Senators plan bills to kill stadiums 17 foes hope to spark opposition to deals for Browns, Redskins

January 30, 1996|By Thomas W. Waldron | Thomas W. Waldron,SUN STAFF

Bucking the governor and legislative leaders, a group of 17 senators is expected today to introduce a package of legislation that would kill new stadiums for the Browns and Redskins football teams.

Sponsors said they don't expect the actual bills to pass the General Assembly, largely because they would be subject to a veto by Gov. Parris N. Glendening, who has put the stadiums among his main priorities during the 90-day legislative session .. that ends in April.

Instead, the sponsors said they hope the bills will generate publicity and opposition.

The four bills would shift the $273 million earmarked for the stadiums into school construction. One measure would allow the stadiums to be built only if the state fully funds necessary school-construction projects.

"We have more important needs than building stadiums for NFL owners," said Sen. Christopher Van Hollen Jr., a Montgomery County Democrat and a leader of the stadium opponents. "We should be building schools for our kids."

Stadium opponents have been working hard to defeat the $200 million Browns stadium in downtown Baltimore and the state's $73 million share of the Redskins stadium near Landover in Prince George's County.

Opponents have already filed at least eight pieces of legislation in the House of Delegates to derail or restructure the stadium deals.

"The typical reaction from Charles County and Southern Maryland is how in the world can we build a $200 million stadium for a football franchise in Baltimore City?" said Sen. Thomas M. Middleton, a Charles County Democrat.

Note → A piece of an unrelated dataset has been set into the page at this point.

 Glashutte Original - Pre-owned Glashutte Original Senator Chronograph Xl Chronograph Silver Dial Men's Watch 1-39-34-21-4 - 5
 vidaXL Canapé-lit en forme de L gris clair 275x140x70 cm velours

"Are they the best bang for the buck?" Mr. Middleton said. "I would say to you and my constituents would say to you, 'Flat-out no.' "

The real showdown over the Browns stadium, and possibly the Redskins deal, will come in the state budget, which will not be voted on until late March.

A spokesman for Mr. Glendening said the governor is surprised at the depth of unhappiness with the stadium projects.

"The governor very clearly expected the news that we had finally returned an NFL team to Maryland to be warmly received," said John W. Frece, his communications director. "We have not been very good about explaining that there are economic benefits to both of these proposals."

Meanwhile, Maryland Stadium Authority Chairman John A. Moag rebutted Orioles owner Peter G. Angelos, who has claimed that he is entitled to have his stadium lease sweetened to bring it into "parity" with the state's negotiated arrangement with the Browns.

In a letter sent to Mr. Angelos yesterday, Mr. Moag suggested, for example, that the state is under no obligation to build a training facility for the Orioles -- as Mr. Angelos had claimed -- since the Browns, and not the state, are paying the bill for their facility.

Neither is the state required to add luxury suites to Oriole Park to match the number at the planned football stadium, he said.

"The issue is parity of lease terms, not parity of facility," Mr. Moag said.

Mr. Moag did acknowledge that the Orioles are entitled to the same 50-50 split of revenue from non-baseball events at Oriole Park that the Browns will receive at the football stadium.

The issue is likely a minor one for the Orioles, who have resisted using the stadium for non-baseball events during their April-to-October season for fear of damaging the field.

Stadium opponents have seized on Mr. Angelos' effort, saying his claims could cost the state millions of dollars.

If the Orioles cannot renogitate a lease with the stadium authority, the matter would go to an independent arbitrator.